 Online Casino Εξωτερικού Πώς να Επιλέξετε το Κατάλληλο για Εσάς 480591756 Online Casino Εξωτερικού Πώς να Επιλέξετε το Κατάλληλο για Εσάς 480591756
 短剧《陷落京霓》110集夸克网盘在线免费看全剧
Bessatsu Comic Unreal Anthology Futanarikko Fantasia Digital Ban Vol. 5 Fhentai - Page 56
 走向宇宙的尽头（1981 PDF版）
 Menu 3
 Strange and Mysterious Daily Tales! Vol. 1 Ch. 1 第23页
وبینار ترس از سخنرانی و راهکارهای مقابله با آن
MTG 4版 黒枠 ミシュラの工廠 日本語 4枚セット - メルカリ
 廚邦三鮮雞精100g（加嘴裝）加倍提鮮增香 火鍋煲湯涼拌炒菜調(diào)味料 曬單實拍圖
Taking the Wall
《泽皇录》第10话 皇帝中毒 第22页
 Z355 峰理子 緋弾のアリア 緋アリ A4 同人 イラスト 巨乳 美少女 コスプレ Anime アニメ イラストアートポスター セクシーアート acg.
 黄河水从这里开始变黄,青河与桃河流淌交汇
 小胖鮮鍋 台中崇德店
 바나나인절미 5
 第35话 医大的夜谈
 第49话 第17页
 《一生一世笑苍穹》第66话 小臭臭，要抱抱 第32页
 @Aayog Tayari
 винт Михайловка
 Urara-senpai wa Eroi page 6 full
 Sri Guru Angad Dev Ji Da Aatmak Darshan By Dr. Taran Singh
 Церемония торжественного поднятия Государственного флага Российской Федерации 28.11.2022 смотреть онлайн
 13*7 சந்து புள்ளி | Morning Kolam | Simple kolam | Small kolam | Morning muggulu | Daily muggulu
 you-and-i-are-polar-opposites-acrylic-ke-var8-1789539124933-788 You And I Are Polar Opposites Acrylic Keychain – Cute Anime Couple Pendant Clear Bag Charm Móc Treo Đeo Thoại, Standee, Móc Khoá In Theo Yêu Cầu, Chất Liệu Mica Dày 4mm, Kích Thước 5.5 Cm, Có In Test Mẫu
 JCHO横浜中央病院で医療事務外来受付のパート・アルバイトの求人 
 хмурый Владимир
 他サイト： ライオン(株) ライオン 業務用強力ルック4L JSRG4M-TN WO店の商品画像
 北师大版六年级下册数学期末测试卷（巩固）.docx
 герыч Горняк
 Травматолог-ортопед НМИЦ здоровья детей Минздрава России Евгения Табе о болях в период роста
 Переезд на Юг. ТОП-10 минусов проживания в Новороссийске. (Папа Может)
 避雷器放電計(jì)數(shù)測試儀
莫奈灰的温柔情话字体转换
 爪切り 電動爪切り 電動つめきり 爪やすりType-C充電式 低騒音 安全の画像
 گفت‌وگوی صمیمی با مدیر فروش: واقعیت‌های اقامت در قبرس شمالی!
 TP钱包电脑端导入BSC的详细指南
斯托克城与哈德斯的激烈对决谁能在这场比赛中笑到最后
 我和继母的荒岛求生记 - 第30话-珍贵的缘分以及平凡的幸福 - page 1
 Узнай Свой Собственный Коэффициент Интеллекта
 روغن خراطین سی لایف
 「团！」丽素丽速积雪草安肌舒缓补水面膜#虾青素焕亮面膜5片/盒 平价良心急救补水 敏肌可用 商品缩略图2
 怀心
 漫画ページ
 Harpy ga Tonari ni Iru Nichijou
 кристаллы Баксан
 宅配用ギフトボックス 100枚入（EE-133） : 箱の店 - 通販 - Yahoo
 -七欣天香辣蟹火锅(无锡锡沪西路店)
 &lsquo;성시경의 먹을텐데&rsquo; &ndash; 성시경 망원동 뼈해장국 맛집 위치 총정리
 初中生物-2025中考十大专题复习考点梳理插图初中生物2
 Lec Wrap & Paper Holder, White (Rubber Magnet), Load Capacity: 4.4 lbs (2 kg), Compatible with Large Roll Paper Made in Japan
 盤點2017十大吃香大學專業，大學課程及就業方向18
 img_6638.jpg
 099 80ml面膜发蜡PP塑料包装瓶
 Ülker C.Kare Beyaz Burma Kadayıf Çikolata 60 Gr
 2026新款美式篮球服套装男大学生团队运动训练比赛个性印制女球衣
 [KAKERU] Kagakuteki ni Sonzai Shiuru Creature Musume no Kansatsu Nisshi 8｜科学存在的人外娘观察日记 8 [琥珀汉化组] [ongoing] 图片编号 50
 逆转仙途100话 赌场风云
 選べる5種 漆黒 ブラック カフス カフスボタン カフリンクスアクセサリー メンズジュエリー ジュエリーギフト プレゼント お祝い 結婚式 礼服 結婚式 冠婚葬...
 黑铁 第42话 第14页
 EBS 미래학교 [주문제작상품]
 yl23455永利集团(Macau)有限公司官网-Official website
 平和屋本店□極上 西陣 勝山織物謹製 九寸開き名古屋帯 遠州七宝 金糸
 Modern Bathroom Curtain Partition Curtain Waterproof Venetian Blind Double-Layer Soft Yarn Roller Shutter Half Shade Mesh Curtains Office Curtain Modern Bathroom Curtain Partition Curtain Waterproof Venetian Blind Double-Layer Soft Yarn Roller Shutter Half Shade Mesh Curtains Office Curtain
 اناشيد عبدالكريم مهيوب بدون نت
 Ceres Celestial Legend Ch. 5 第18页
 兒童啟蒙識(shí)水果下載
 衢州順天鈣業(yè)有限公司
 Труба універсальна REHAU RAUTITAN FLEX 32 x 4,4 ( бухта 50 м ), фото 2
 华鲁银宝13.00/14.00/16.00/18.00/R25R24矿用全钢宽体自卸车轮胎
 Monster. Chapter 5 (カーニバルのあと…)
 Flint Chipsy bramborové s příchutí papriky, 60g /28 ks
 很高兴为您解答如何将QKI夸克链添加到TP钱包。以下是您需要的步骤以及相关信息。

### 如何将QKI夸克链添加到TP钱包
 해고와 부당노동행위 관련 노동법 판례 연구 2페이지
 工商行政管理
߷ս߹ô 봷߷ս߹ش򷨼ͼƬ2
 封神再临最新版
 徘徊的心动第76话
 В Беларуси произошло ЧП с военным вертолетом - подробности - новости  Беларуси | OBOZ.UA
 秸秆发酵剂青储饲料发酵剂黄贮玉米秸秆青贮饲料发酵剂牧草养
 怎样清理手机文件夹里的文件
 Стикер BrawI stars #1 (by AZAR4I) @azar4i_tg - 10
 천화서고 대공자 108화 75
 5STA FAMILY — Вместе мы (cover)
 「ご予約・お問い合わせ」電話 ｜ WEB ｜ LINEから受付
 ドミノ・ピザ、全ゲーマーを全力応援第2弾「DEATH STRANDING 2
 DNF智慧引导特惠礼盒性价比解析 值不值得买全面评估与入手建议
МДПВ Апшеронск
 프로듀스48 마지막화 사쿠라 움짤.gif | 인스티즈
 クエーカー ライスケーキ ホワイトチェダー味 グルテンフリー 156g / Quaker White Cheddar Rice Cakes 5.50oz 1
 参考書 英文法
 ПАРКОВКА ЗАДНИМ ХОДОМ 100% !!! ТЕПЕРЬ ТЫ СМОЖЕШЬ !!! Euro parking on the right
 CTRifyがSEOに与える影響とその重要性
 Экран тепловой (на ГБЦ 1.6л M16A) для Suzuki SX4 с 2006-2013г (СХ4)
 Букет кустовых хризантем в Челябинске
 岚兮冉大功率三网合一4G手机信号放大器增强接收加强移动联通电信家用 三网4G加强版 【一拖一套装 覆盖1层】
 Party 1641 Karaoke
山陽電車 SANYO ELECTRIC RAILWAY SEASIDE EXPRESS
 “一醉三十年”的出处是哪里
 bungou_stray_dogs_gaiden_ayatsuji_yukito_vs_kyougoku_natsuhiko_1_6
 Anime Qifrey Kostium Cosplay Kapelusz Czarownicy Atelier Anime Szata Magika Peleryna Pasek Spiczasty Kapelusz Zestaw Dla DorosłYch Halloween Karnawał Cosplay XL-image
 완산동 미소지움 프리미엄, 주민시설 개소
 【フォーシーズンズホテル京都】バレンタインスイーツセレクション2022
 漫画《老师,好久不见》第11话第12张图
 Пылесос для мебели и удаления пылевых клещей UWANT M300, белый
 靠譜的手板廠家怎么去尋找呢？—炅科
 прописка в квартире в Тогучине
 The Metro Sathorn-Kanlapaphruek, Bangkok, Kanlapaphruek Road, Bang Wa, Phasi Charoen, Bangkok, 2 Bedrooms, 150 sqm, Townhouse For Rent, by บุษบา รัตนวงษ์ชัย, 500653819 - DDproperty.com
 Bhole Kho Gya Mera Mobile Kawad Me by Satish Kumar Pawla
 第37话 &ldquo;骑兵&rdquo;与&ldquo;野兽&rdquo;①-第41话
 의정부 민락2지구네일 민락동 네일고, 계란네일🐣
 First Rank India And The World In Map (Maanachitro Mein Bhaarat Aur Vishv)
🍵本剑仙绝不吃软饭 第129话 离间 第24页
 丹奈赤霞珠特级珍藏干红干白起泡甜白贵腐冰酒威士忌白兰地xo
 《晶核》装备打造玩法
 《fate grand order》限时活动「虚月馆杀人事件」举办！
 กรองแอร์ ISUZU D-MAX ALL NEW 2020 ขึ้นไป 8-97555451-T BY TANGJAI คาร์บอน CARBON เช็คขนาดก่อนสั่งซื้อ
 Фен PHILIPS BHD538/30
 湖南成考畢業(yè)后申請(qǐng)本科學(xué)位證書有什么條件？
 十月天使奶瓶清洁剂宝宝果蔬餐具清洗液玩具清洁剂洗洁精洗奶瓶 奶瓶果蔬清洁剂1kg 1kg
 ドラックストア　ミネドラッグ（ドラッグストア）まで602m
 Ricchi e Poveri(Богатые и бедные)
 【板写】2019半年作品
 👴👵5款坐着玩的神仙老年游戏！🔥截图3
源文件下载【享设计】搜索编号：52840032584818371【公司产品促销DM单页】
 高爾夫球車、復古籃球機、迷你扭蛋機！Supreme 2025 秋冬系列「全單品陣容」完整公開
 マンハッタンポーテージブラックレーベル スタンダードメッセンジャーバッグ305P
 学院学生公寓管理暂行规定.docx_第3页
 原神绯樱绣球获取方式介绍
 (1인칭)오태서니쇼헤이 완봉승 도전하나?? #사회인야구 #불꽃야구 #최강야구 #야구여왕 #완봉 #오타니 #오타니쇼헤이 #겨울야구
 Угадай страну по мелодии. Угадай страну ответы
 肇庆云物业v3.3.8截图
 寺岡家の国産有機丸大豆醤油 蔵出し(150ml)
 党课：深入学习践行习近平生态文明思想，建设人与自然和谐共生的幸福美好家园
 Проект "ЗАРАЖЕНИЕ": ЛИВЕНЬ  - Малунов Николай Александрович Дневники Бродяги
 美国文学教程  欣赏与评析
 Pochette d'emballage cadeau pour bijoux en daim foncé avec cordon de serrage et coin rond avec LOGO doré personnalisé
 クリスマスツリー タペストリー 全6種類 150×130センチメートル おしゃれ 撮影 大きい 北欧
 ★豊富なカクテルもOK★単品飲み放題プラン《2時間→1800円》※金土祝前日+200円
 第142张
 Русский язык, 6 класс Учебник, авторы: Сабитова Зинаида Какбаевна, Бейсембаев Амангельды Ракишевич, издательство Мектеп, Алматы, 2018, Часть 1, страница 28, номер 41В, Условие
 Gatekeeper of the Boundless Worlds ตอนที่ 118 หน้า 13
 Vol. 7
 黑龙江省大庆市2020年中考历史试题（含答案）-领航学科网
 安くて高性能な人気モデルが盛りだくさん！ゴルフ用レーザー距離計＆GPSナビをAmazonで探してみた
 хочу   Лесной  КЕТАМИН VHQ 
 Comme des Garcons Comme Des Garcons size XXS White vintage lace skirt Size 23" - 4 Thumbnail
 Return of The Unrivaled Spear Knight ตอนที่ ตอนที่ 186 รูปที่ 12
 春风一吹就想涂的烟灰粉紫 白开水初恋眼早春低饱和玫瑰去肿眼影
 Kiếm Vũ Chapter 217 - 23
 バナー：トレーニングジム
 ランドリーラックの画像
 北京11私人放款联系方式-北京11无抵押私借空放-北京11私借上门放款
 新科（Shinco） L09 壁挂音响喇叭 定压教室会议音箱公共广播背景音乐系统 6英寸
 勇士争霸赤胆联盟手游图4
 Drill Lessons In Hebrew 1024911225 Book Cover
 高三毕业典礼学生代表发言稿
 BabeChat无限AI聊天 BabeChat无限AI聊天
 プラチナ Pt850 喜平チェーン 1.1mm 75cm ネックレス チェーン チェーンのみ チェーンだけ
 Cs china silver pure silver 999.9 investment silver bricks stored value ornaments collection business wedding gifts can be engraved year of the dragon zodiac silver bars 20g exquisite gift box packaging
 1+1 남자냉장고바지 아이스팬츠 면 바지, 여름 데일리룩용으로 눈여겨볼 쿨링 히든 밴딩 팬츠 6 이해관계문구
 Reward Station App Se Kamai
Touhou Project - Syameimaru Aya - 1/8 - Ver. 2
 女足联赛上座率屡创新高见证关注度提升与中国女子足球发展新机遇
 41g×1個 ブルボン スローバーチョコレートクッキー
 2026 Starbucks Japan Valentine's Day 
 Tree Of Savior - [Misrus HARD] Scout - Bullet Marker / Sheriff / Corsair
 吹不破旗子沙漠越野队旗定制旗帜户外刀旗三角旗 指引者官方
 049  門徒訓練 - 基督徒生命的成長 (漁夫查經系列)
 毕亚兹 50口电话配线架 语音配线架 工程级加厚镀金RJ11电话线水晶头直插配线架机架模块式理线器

==*==

-- How to complete this task --
There is a line with "Urara-senpai wa Eroi page 6 full" and a line with "روغن خراطین سی لایف" above. Copy exactly those two lines and all lines between them, with nothing else.

-- Solution for this problem --
 Urara-senpai wa Eroi page 6 full
 Sri Guru Angad Dev Ji Da Aatmak Darshan By Dr. Taran Singh
 Церемония торжественного поднятия Государственного флага Российской Федерации 28.11.2022 смотреть онлайн
 13*7 சந்து புள்ளி | Morning Kolam | Simple kolam | Small kolam | Morning muggulu | Daily muggulu
 you-and-i-are-polar-opposites-acrylic-ke-var8-1789539124933-788 You And I Are Polar Opposites Acrylic Keychain – Cute Anime Couple Pendant Clear Bag Charm Móc Treo Đeo Thoại, Standee, Móc Khoá In Theo Yêu Cầu, Chất Liệu Mica Dày 4mm, Kích Thước 5.5 Cm, Có In Test Mẫu
 JCHO横浜中央病院で医療事務外来受付のパート・アルバイトの求人 
 хмурый Владимир
 他サイト： ライオン(株) ライオン 業務用強力ルック4L JSRG4M-TN WO店の商品画像
 北师大版六年级下册数学期末测试卷（巩固）.docx
 герыч Горняк
 Травматолог-ортопед НМИЦ здоровья детей Минздрава России Евгения Табе о болях в период роста
 Переезд на Юг. ТОП-10 минусов проживания в Новороссийске. (Папа Может)
 避雷器放電計(jì)數(shù)測試儀
莫奈灰的温柔情话字体转换
 爪切り 電動爪切り 電動つめきり 爪やすりType-C充電式 低騒音 安全の画像
 گفت‌وگوی صمیمی با مدیر فروش: واقعیت‌های اقامت در قبرس شمالی!
 TP钱包电脑端导入BSC的详细指南
斯托克城与哈德斯的激烈对决谁能在这场比赛中笑到最后
 我和继母的荒岛求生记 - 第30话-珍贵的缘分以及平凡的幸福 - page 1
 Узнай Свой Собственный Коэффициент Интеллекта
 روغن خراطین سی لایف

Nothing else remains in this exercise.